Work required
Leaving out the pictures, reproduce each record exactly and in full.
━━━ Supplied material ━━━
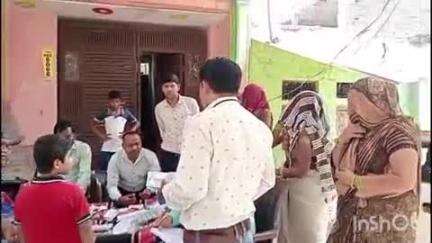 टूंडला: गांव रसूलाबाद में डायरिया फैलने की सूचना पर स्वास्थ्य विभाग की टीम ने लगाया शिविर
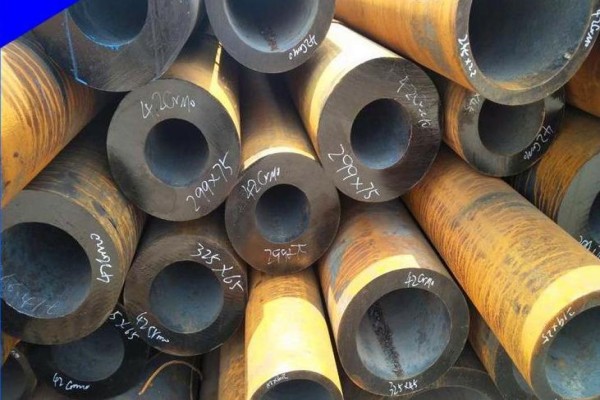 布尔津布尔津布尔津42CrMo无缝钢管 汽车工程机械配件合金无缝管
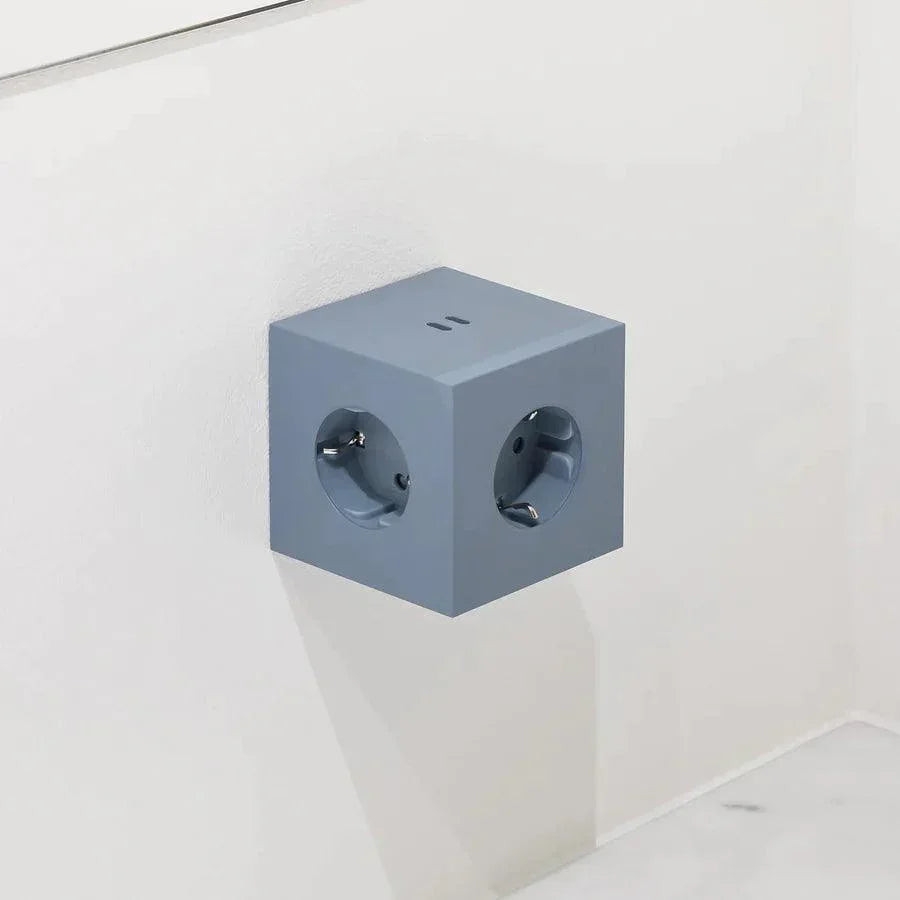 Triplu stecher Square 2, 3 prize, 2 porturi USB tip C - Culoare Shark Blue - Avolt - PARIS14A.RO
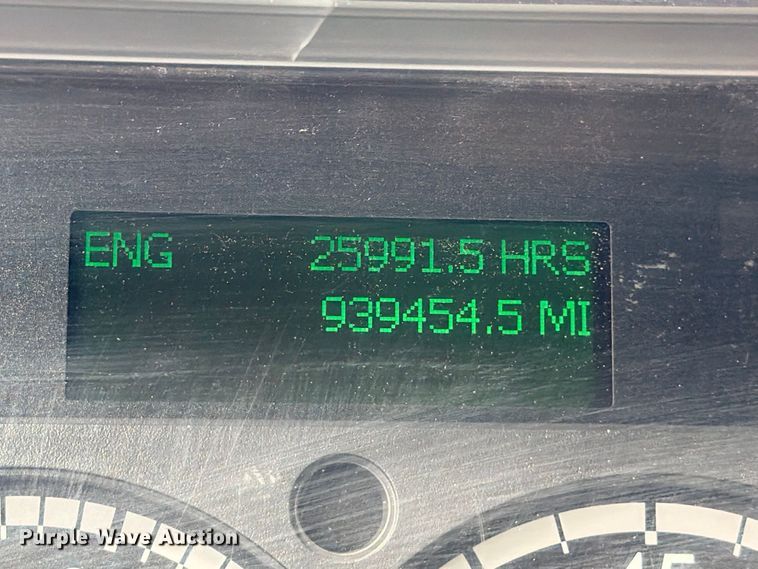image for item YA2787 2019 Freightliner Cascadia semi truck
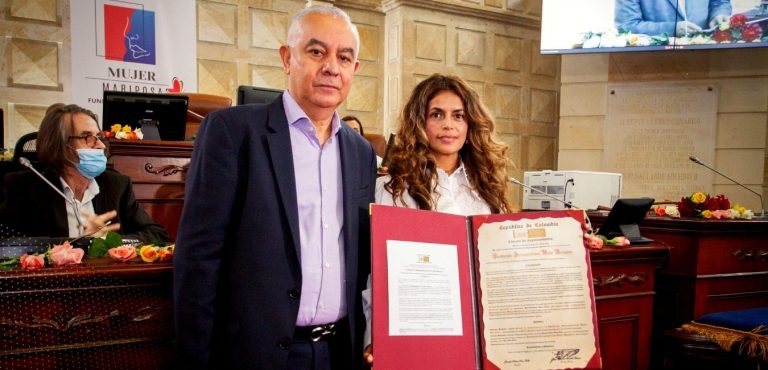 FUNDACIÓN IBEROAMERICANA MUJER MARIPOSA FUE CONDECORADA EN EL CONGRESO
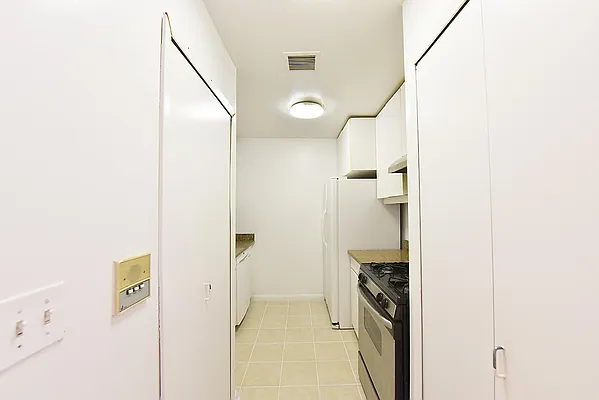 Rented by Alexander C. Lerner, LREB | media 14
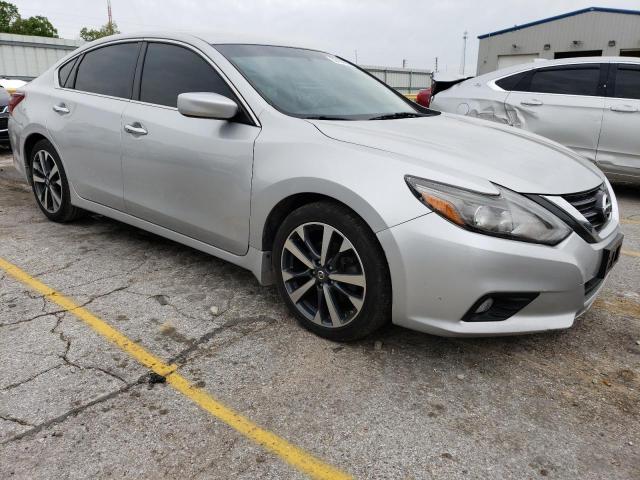 1N4AL3AP8HC167277 - 2017 NISSAN ALTIMA 2.5 SILVER photo 4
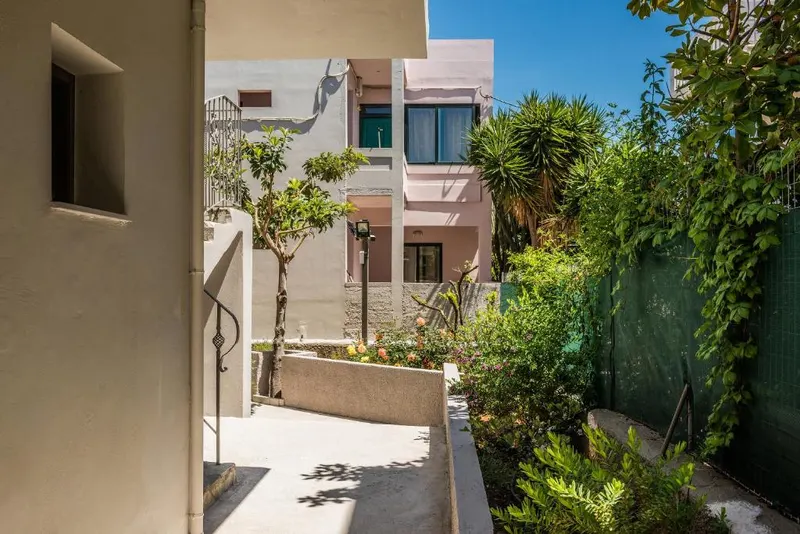 Kiwi Apartments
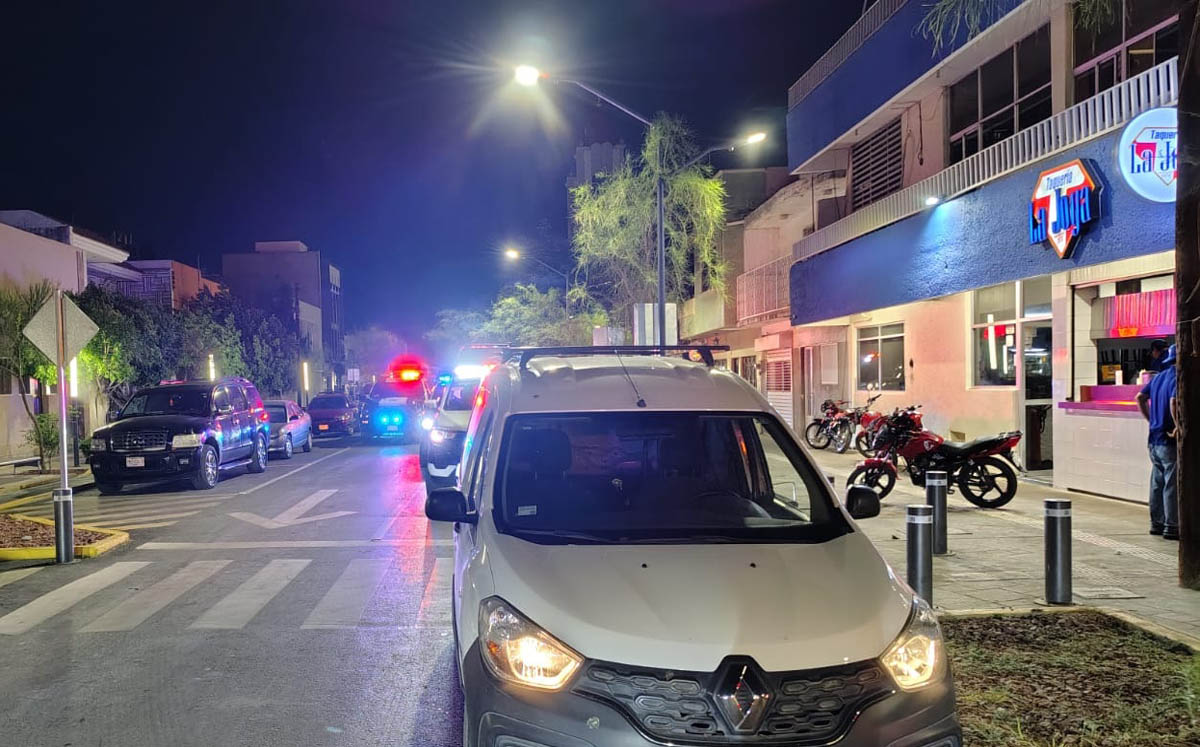 Empleados de taquería en Torreón protagonizan riña con cuchillos
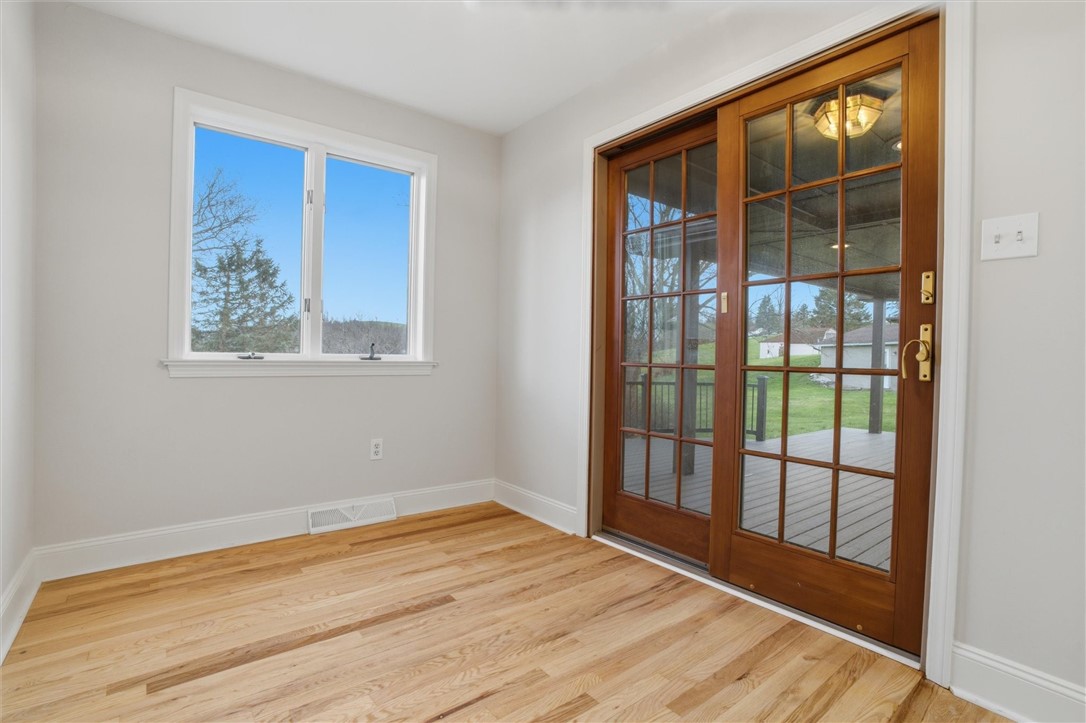 223 Vaneal Rd
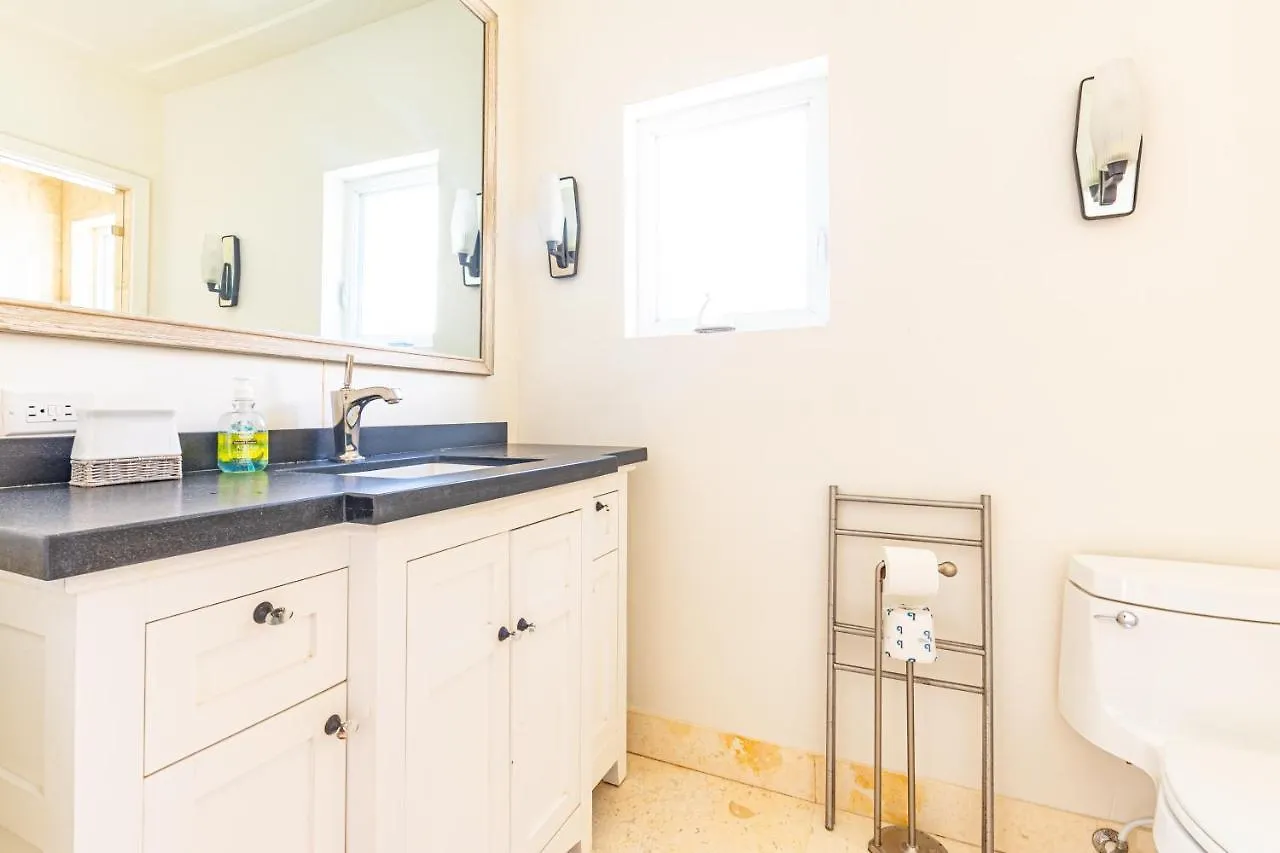 Willa Caprice 8 - Luxury Townhouse In Gated Community - Pool, Oceanfront Nassau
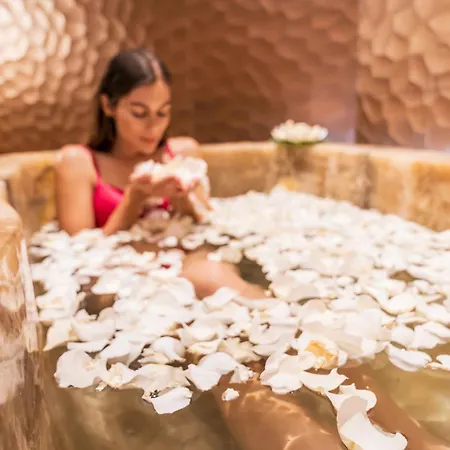 Royal River, Luxury - Adults Only מלון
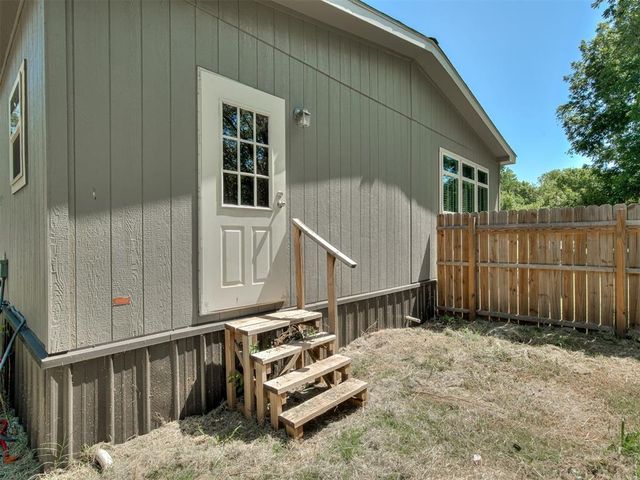 10200 Pecan Tree Circle, Lexington, OK 73051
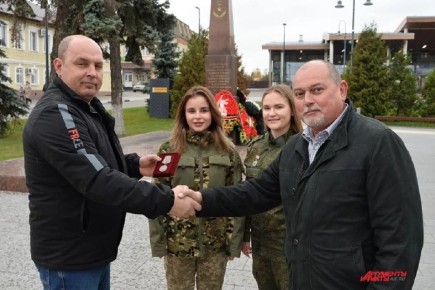 Медаль, потерянную при штурме Берлина, вручили семье бойца
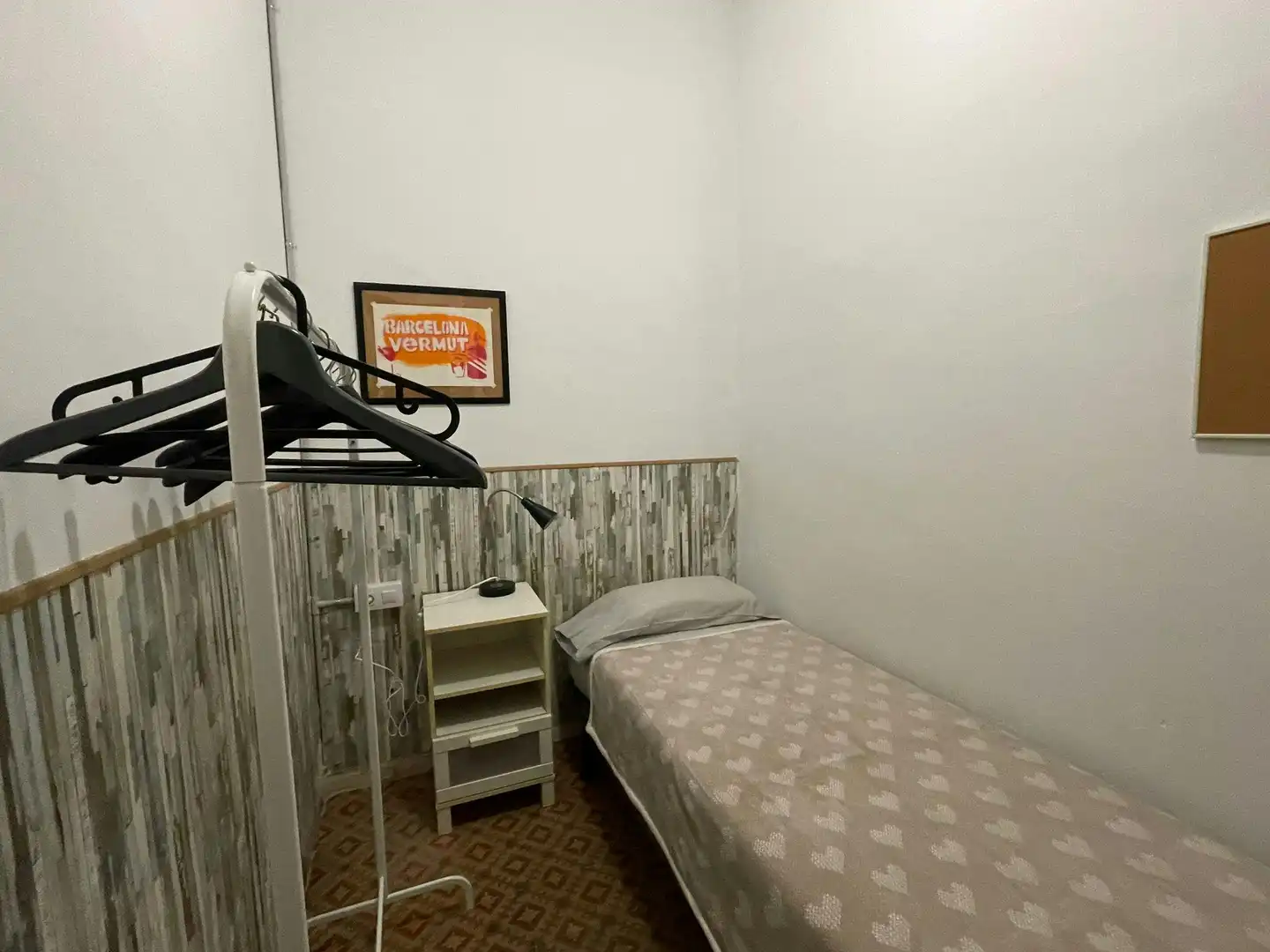 Habitación de Piso para compartir en Barcelona con Calefacción y Amueblado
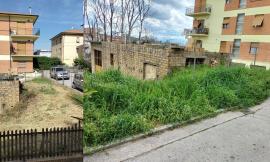 Mogliano, i residenti di via Rossini alzano la voce: "Da 40 anni danno igienico e d'immagine. Urge soluzione"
━━━
Reply to the task
 टूंडला: गांव रसूलाबाद में डायरिया फैलने की सूचना पर स्वास्थ्य विभाग की टीम ने लगाया शिविर
 布尔津布尔津布尔津42CrMo无缝钢管 汽车工程机械配件合金无缝管
 Triplu stecher Square 2, 3 prize, 2 porturi USB tip C - Culoare Shark Blue - Avolt - PARIS14A.RO
image for item YA2787 2019 Freightliner Cascadia semi truck
 FUNDACIÓN IBEROAMERICANA MUJER MARIPOSA FUE CONDECORADA EN EL CONGRESO
 Rented by Alexander C. Lerner, LREB | media 14
 1N4AL3AP8HC167277 - 2017 NISSAN ALTIMA 2.5 SILVER photo 4
 Kiwi Apartments
 Empleados de taquería en Torreón protagonizan riña con cuchillos
 223 Vaneal Rd
 Willa Caprice 8 - Luxury Townhouse In Gated Community - Pool, Oceanfront Nassau
 Royal River, Luxury - Adults Only מלון
 10200 Pecan Tree Circle, Lexington, OK 73051
 Медаль, потерянную при штурме Берлина, вручили семье бойца
 Habitación de Piso para compartir en Barcelona con Calefacción y Amueblado
 Mogliano, i residenti di via Rossini alzano la voce: "Da 40 anni danno igienico e d'immagine. Urge soluzione"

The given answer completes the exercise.